The trouble always is, when rare recordings are unearthed, they hardly live up to the myths surrounding them, but while the sound quality is often lacking in spots, the Vanilla Tapes offer a riveting glimpse of so many classic songs in their infancy (at one point, you hear the band go through a number of clumsy false starts on “The Guns of Brixton”, but once they get going, they soon settle into a serious, hypnotic groove), and most excitingly, four songs that have never been released before. Those unreleased tracks offer a glimpse at just how adventurous the band had gotten during that period: “Lonesome Me” is straight-ahead country tune sung by Jones, complete with Jones’s twangy lead guitar licks and harmonica accompaniment, while the instrumental “Walking the Slidewalk” delves more into slinky blues licks. Strummer’s “Heart and Mind” is the kind of potent coming-of-age tune that he excelled at, and his “Where You Gonna Go (Soweto)” is decent, straightforward reggae. The songs that would eventually appear on London Calling, despite the raw feel, sound more fully-realized than some might have expected. “Hateful”, “Clampdown” (titled here as “Working and Waiting”), and “The Right Profile” (titled here as “Up-Toon”) are all fiery, taut performances (all instrumental versions), with “Hateful” actually possessing more intensity than the album version. Their reggae cover of Bob Dylan’s “The Man in Me” is tremendous, as are the rough-shod versions of the two covers that made it onto the album, Vince Taylor’s “Brand New Cadillac”, and the band’s loose interpretation of Jackie Edwards’s “Revolution Rock”.

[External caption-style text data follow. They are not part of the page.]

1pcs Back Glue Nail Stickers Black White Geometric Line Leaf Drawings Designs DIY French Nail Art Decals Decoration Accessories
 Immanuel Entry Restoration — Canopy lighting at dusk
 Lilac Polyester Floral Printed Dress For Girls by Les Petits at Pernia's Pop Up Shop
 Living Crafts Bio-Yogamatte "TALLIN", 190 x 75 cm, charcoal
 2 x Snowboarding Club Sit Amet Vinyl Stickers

Most surprising is the rehearsal version of “London Calling”, and if ever there was proof of just how valuable a producer Guy Stevens was, it’s on this track. Many listeners will be surprised at how weak the song seems, as the band sounds hesitant, almost robotic, and Strummer goes for a more detached tone in his voice, sounding more enigmatic than passionate. On the accompanying DVD, we’re treated to rare home video footage of Stevens and the band in the studio (another “miraculous” discovery from early this year, by Simonon this time), and we see Stevens doing everything he can to get the most out of the band: he hops around excitedly from member to member while they record, he swings a ladder around dangerously, he smashes chairs on the studio floor, he gets in Strummer’s face while recording vocals. Both the DVD footage and the Vanilla Tapes make the final album version all the more special, and show how, without the borderline psychotic Stevens around barking in the guys’ faces, this album might not have been as great.
The DVD comes with 13 minutes of the lost studio footage, three promotional videos, and the excellent, half-hour documentary The Last Testament: The Making of London Calling, by Don Letts, director of the great Clash film Westway to the World. Along with the wonderful reproduction of Strummer’s handwritten lyrics, there’s a nice, 36-page booklet, containing excellent essays by Tom Vague and Pat Gilbert, and best of all, an excerpt from the band’s homemade fanzine, The Armagideon Times, featuring commentary and doodles by band members, describing every track on the album. Overall, London Calling: 25th Anniversary Legacy Edition is a terrific package; like Pennie Smith’s now legendary cover shot, the Clash caught lightning in a bottle in 1979, and a quarter century later, the electricity is more palpable than ever.